Data entries
********************
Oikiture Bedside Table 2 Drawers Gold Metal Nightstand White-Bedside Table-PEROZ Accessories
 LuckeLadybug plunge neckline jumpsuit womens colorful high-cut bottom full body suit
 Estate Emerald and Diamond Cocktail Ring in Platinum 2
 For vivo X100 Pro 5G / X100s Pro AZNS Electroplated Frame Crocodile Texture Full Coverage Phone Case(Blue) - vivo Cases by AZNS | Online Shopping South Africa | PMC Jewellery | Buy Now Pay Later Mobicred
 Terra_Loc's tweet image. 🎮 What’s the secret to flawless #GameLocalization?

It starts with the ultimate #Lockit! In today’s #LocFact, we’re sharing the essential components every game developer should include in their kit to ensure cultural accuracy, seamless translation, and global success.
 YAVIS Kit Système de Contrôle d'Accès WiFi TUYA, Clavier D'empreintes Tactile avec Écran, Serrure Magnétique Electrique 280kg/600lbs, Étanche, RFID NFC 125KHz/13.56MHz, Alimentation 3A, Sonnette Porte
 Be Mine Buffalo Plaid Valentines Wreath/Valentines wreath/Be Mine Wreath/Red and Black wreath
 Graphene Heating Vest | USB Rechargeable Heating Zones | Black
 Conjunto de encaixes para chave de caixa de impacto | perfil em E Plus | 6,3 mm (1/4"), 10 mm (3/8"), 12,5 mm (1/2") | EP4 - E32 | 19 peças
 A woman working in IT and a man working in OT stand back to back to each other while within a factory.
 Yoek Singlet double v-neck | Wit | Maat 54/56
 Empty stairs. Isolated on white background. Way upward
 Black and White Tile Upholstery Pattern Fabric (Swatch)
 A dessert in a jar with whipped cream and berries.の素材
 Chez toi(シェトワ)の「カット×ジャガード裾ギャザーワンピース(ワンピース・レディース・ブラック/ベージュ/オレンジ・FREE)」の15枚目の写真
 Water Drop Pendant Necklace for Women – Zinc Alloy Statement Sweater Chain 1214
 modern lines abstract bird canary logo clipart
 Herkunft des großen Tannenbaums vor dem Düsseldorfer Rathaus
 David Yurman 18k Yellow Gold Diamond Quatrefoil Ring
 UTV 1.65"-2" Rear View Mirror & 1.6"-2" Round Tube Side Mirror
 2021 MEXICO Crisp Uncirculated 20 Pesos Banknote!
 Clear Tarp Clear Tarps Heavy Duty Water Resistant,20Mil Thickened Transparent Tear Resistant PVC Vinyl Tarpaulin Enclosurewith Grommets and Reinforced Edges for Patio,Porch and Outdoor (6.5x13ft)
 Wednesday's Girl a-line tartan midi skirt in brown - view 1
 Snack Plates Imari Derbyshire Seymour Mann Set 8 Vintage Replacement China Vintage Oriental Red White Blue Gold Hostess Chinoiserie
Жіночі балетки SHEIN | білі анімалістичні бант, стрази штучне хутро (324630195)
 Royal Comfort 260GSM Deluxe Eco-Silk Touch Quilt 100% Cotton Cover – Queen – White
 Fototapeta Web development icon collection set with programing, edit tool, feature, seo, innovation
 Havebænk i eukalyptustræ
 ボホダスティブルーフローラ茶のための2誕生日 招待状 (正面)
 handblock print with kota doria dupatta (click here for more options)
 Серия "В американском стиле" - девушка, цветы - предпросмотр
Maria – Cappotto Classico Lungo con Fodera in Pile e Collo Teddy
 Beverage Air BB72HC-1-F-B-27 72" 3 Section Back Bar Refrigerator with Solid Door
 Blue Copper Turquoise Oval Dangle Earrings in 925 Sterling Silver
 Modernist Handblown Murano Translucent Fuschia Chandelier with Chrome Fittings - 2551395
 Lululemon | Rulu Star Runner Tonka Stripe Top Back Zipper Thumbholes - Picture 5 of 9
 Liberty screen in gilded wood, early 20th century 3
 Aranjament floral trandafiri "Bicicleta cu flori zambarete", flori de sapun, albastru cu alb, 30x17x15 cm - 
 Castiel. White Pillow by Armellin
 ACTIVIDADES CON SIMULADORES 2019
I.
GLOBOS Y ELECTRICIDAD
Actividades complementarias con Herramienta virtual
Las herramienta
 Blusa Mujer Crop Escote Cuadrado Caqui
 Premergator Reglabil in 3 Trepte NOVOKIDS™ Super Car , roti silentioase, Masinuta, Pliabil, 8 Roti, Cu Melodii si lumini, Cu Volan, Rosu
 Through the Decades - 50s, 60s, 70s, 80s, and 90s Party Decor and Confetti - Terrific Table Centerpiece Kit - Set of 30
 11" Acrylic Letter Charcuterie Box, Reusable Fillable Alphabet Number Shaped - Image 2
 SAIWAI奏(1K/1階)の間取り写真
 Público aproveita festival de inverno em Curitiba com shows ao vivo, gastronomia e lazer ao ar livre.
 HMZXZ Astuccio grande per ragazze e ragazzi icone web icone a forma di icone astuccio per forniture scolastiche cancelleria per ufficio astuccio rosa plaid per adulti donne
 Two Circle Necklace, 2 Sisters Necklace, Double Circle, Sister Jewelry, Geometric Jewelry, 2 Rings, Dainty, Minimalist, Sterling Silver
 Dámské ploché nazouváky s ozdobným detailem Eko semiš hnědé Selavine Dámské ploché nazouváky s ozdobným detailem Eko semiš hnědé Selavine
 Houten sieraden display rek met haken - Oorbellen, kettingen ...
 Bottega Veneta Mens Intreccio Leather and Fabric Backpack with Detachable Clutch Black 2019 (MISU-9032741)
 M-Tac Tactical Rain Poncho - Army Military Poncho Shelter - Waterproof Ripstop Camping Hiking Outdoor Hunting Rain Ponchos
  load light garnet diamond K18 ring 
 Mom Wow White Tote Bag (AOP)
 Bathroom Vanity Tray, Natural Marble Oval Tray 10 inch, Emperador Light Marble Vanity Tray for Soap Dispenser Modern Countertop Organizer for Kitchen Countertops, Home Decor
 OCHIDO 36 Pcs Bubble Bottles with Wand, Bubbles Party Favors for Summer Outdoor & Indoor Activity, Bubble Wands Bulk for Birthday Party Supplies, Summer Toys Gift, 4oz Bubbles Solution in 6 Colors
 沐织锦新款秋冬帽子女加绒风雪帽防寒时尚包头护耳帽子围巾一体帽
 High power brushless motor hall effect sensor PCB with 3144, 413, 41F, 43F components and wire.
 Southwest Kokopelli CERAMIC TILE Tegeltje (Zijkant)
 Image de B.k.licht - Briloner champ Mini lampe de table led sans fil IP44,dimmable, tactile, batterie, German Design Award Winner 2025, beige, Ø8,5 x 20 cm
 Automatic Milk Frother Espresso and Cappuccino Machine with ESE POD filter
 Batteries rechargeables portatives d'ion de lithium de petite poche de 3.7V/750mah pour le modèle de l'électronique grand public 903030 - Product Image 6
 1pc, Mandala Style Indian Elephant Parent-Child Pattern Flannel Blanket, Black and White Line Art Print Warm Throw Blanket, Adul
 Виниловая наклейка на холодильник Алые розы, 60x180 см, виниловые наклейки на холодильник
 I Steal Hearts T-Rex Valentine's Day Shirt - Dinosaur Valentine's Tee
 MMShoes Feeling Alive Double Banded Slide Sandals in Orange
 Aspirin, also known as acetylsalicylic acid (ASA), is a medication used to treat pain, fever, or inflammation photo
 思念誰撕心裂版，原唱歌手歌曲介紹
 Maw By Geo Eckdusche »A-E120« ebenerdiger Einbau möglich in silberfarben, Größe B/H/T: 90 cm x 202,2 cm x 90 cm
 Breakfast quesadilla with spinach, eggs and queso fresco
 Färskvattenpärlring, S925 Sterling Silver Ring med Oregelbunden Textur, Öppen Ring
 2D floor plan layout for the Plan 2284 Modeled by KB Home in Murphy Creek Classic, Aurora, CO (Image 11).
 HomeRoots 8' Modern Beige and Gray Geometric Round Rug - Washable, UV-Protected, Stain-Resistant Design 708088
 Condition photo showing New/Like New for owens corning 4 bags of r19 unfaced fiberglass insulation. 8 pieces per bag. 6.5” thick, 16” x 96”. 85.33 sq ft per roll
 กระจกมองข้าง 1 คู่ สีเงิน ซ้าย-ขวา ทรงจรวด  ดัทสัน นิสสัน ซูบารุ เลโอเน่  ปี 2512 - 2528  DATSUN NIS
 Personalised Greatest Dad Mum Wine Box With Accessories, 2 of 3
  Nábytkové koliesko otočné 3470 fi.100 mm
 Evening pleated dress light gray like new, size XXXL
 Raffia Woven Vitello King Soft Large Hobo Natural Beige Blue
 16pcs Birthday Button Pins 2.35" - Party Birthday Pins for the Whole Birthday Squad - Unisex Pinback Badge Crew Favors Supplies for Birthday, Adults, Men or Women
********************
Exercise instructions — Nothing beyond the line containing "It starts with" is to be output; the lines above, from the first one onward to that line, are to be transcribed exactly.

Result —
Oikiture Bedside Table 2 Drawers Gold Metal Nightstand White-Bedside Table-PEROZ Accessories
 LuckeLadybug plunge neckline jumpsuit womens colorful high-cut bottom full body suit
 Estate Emerald and Diamond Cocktail Ring in Platinum 2
 For vivo X100 Pro 5G / X100s Pro AZNS Electroplated Frame Crocodile Texture Full Coverage Phone Case(Blue) - vivo Cases by AZNS | Online Shopping South Africa | PMC Jewellery | Buy Now Pay Later Mobicred
 Terra_Loc's tweet image. 🎮 What’s the secret to flawless #GameLocalization?

It starts with the ultimate #Lockit! In today’s #LocFact, we’re sharing the essential components every game developer should include in their kit to ensure cultural accuracy, seamless translation, and global success.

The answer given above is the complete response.